**What needs to be done**
An exact reproduction of the lines below, from the first through the one with "Cozy Faux Fur", is the whole answer; pictures have no place in it.

**Provided data**

--

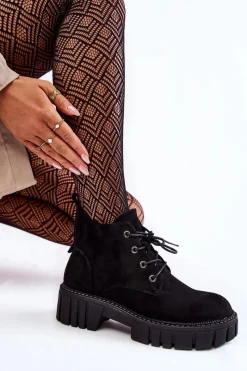 Botki Sznurowane|Czarne Botki>Buty Sergio Leone Zamszowe Ocieplane Botki Sznurowane Czarne Bjorg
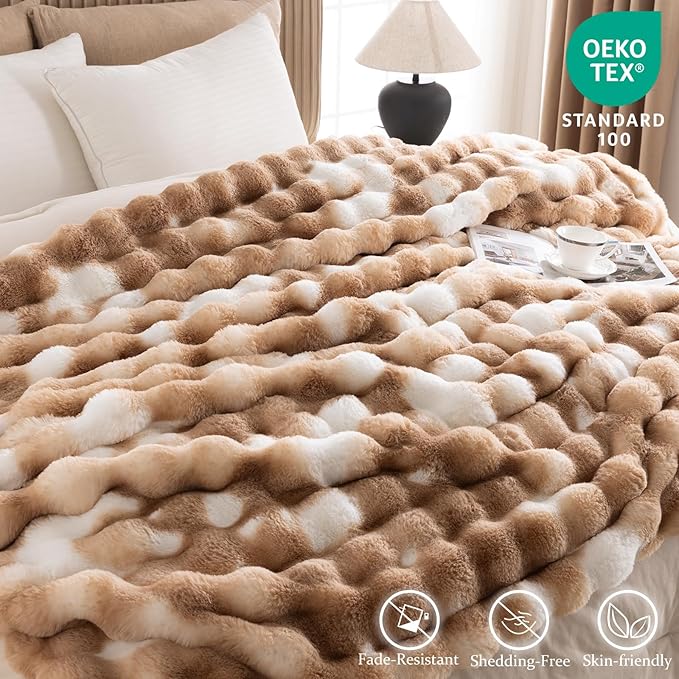Cozy Faux Fur Throw Blanket for Bed-Warm Fuzzy Throw Blanket, Soft Plush Thick Bubble Blankets for Bedroom and Living Room, Furry Luxury Blanket, 90 x 90, Tie-Dye Brown-Ruum Studio Home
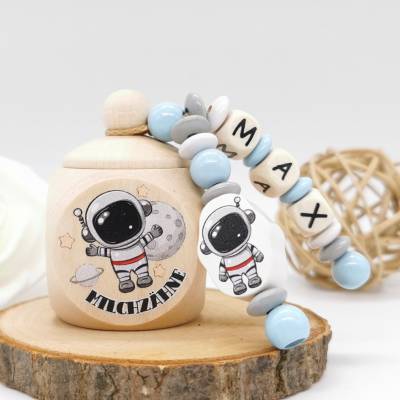 Zahndose mit Name Junge Astronaut Junge Milchzahndose Geschenkidee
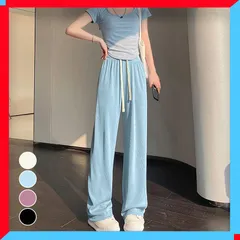 新品 セミワイドパンツ レディース ハイウエスト 体型カバー 薄手 脚長 楽ちんパンツ 春夏秋冬 【送料無料】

--

**Task solution**
 Botki Sznurowane|Czarne Botki>Buty Sergio Leone Zamszowe Ocieplane Botki Sznurowane Czarne Bjorg
Cozy Faux Fur Throw Blanket for Bed-Warm Fuzzy Throw Blanket, Soft Plush Thick Bubble Blankets for Bedroom and Living Room, Furry Luxury Blanket, 90 x 90, Tie-Dye Brown-Ruum Studio Home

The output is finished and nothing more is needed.